──────── Information supplied ────────
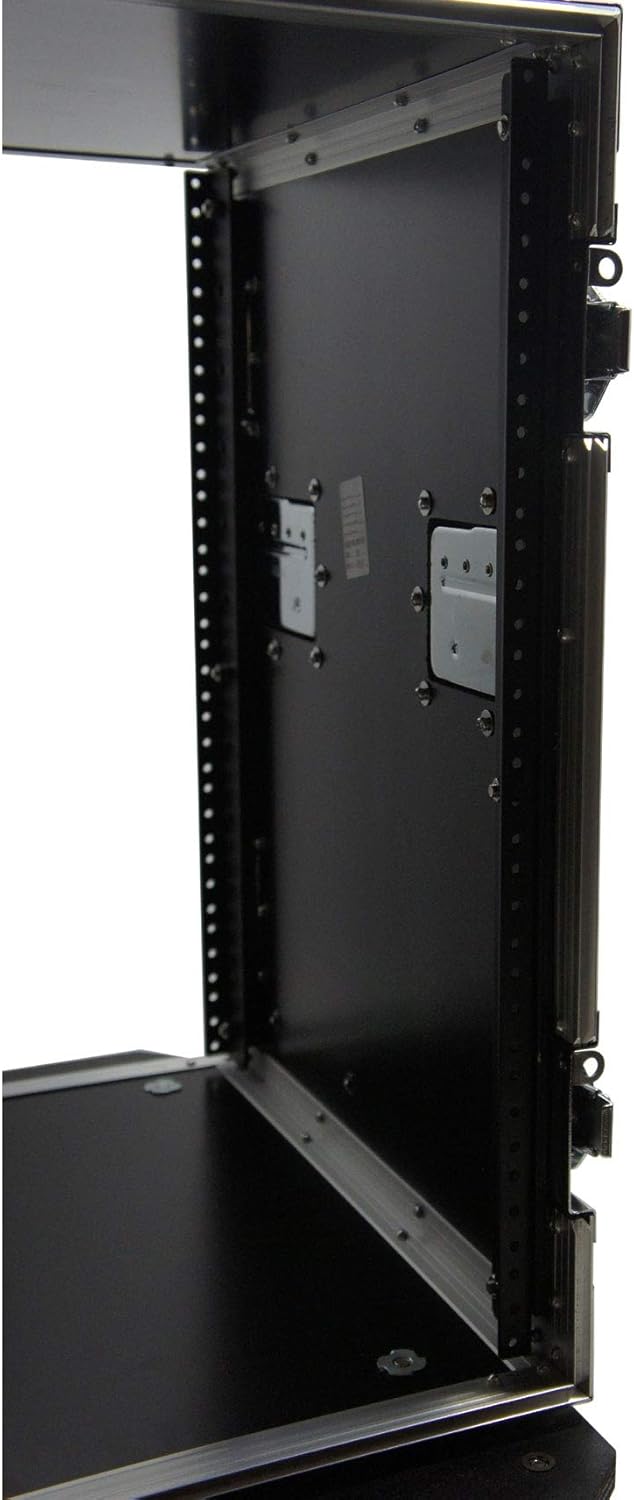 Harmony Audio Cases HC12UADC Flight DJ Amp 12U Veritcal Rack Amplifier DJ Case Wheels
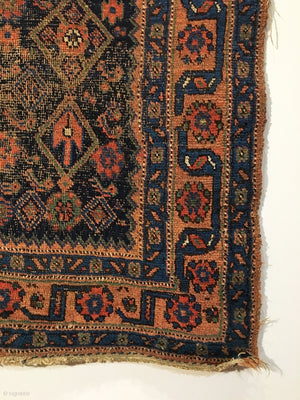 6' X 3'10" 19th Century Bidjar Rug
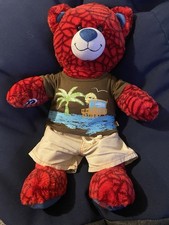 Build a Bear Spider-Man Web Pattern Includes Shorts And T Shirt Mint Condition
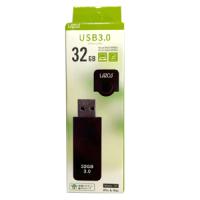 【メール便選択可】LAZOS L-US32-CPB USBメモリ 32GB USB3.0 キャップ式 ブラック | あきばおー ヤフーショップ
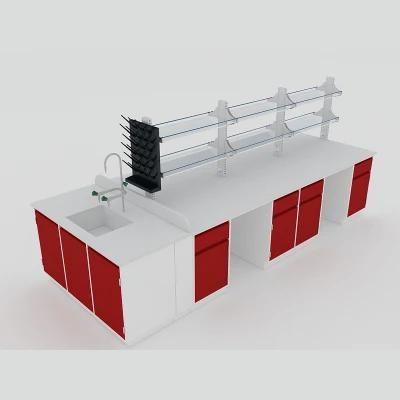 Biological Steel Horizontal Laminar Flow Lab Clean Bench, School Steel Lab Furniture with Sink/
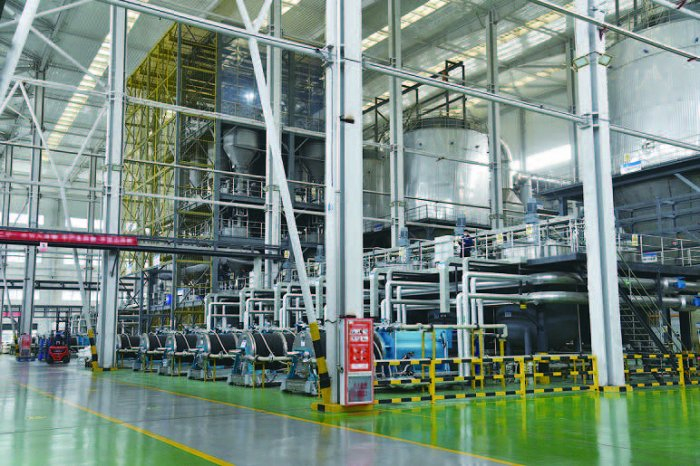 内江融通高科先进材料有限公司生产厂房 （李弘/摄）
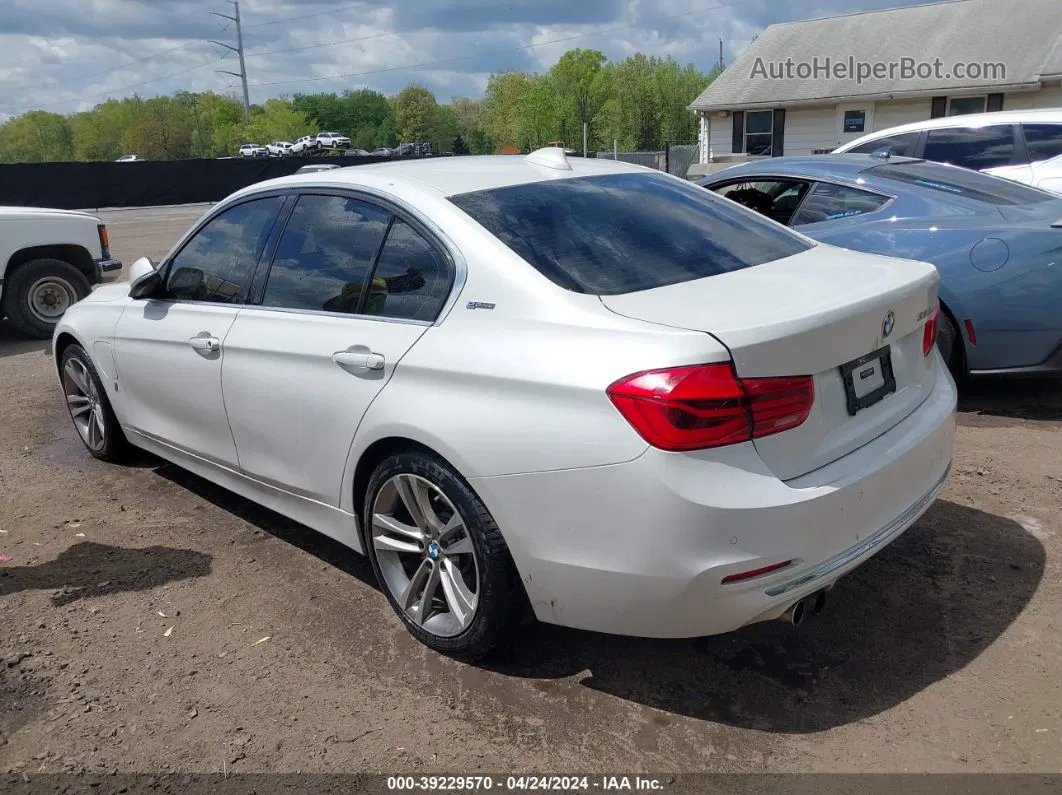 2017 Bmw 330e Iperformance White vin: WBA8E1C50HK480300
────────
• _To do_:
Could you restate the entries word for word, skipping any pictures?

• _Answer to this problem_:
 Harmony Audio Cases HC12UADC Flight DJ Amp 12U Veritcal Rack Amplifier DJ Case Wheels
 6' X 3'10" 19th Century Bidjar Rug
 Build a Bear Spider-Man Web Pattern Includes Shorts And T Shirt Mint Condition
 【メール便選択可】LAZOS L-US32-CPB USBメモリ 32GB USB3.0 キャップ式 ブラック | あきばおー ヤフーショップ
 Biological Steel Horizontal Laminar Flow Lab Clean Bench, School Steel Lab Furniture with Sink/
 内江融通高科先进材料有限公司生产厂房 （李弘/摄）
 2017 Bmw 330e Iperformance White vin: WBA8E1C50HK480300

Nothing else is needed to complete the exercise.